As vaccines are now broadly available to most U.S. workers, questions remain about whether employers can mandate vaccinations and require that employees show proof of vaccination.
Businesses, in most cases, can require employees receive a vaccination.
Last month, for instance, a Texas hospital system with 26,000 employees was among the first major health care systems to mandate vaccinations of all of its employees, and reportedly has already terminated at least one management employee who failed to receive the vaccine by the hospital’s deadline.
About 44% of employers that responded in a recent survey by Arizona State University said they will require employees to get vaccinated, while 31% will just encourage it and 14% will require just some employees be vaccinated.
No Virginia laws currently prevent employers from requiring workers to receive the vaccine as a condition of employment.
The only official opinion on this topic came from Attorney General Mark Herring, who recently said the state’s public colleges and universities have the authority to require vaccines among their students. He said colleges “may condition in-person attendance on receipt of an approved COVID-19 vaccine during this time of pandemic.”
Under federal law, the Equal Employment Opportunity Commission has suggested employer-mandated vaccinations do not violate federal discrimination laws, including the Americans with Disabilities Act.
The EEOC cautioned employers that administer the vaccine from asking pre-screening questions that go beyond the scope of those that are job-related and consistent with business necessity.
Employers that require the vaccine as a condition of employment are safer to not administer the vaccinations themselves so as to not run afoul of the ADA.
Some states initially pushed back on vaccination mandates, introducing a flurry of legislation around the country.
Arkansas legislators passed a law on April 28 prohibiting the state and local governments from mandating the vaccine as a condition of employment, among other prohibitions. But this new state law doesn’t apply to private businesses.
New Jersey recently clarified that its New Jersey Law Against Discrimination would not prohibit an employer from requiring a worker to receive the COVID-19 vaccine in order to return to the workplace unless the person is unable to do so as a result of disability or pregnancy.
Employers that mandate the vaccine must make reasonable accommodations to workers who are unable to receive the vaccine due to a disability or sincerely held religious belief.
Employers cannot simply terminate an employee if this is the case. The company must engage in an interactive process to determine if the employee can nevertheless continue working.
A business needs to determine first if an unvaccinated employee would pose a direct threat to the workplace due to a “significant risk of substantial harm to the health or safety of the individual or others that cannot be eliminated or reduced by reasonable accommodation.”
If so, the employee can be excluded from the workplace, which may or may not result in termination, depending on whether other reasonable accommodations can be made.
Where there is no “direct threat,” companies should consider other reasonable accommodations, where necessary, for such unvaccinated employees so that the person can return to the workplace if on-site attendance is an essential job function.
Each analysis should be individualized. This is not a one-size-fits-all.
The process must be “flexible” and “interactive” so that the business can provide reasonable accommodations that do not impose an undue hardship. Employers can contact the Job Accommodation Network at askjan.org for assistance in providing accommodations to unvaccinated workers.

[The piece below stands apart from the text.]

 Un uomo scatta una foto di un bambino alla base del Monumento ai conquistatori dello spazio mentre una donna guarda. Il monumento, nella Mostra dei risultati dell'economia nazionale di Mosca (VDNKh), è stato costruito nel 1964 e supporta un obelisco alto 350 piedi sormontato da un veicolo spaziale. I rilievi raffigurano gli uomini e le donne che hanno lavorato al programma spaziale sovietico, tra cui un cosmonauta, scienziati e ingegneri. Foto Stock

Employers should keep confidential that an employee is receiving reasonable accommodations due to a disability or religious belief.
There has been some discussion about the impact of the FDA’s emergency use authorization on the approved vaccines and whether employers can require the vaccine as a condition of continued employment.

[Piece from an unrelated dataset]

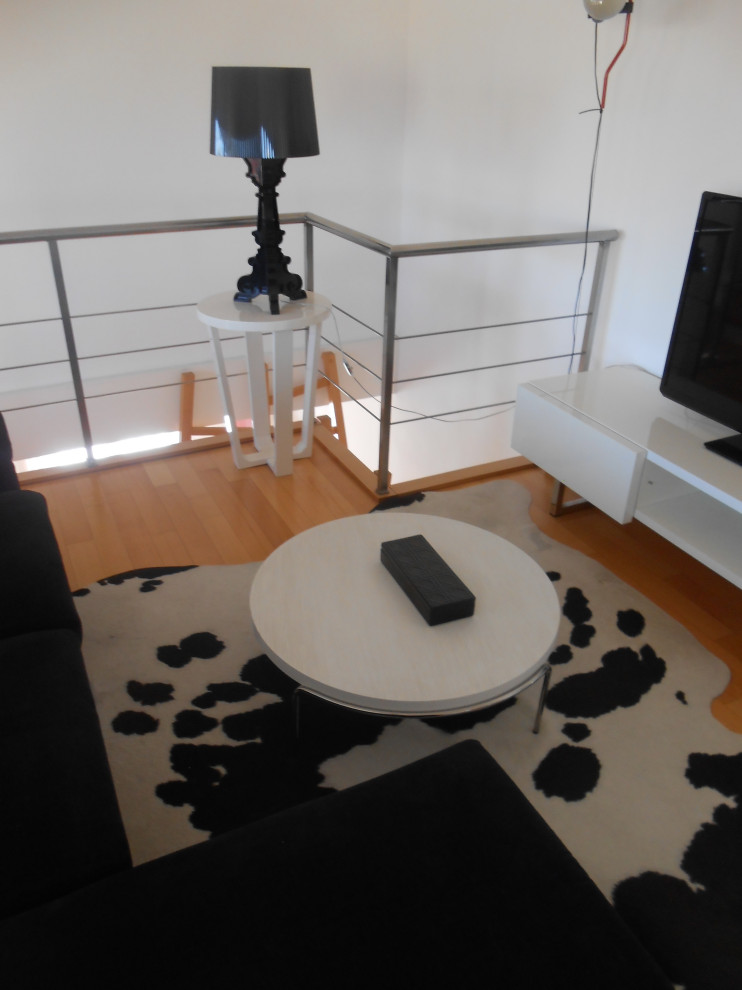 Großes, Offenes Modernes Wohnzimmer mit weißer Wandfarbe, hellem Holzboden und TV-Wand in Sonstige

In its guidance, the EEOC referred to the FDA’s obligation under the authorization to ensure that recipients of the vaccine are provided certain disclosures such as the known and potential benefits and risks, the extent to which benefits and risks are unknown, and the individual’s option to accept or refuse the vaccine.
The EEOC suggests that this information is typically given to recipients of the vaccine via a fact sheet by the vaccine provider.

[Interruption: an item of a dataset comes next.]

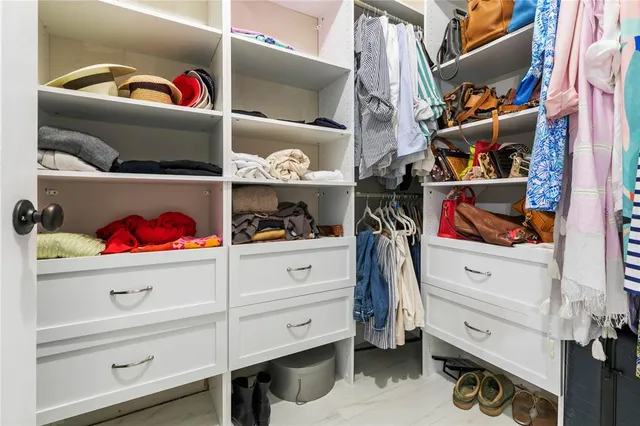 a bedroom with a bed flat screen tv and couches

No court has ruled on whether the emergency use authorization status for the vaccines prohibits employers from requiring a vaccine as a condition of employment. The EEOC also does not appear to believe that to be the case.
Last month, employees of the Los Angeles school district filed a lawsuit to prohibit their employer from mandating the vaccine based on the emergency use authorization.
The EEOC also opined that requiring proof that an employee has received the COVID-19 vaccine is not likely to elicit disability-related information, and is therefore permissible.
The EEOC cautioned, however, that asking subsequent questions, such as why the employee didn’t receive the vaccination, may elicit information about a disability and therefore trigger a violation of the ADA.
Employers should have a good business reason for requiring a vaccination, or proof of one, and should make sure that employees are not bullied or harassed because they are not vaccinated.
Only if employees must return on-site to the workplace should employers even entertain making vaccinations mandatory.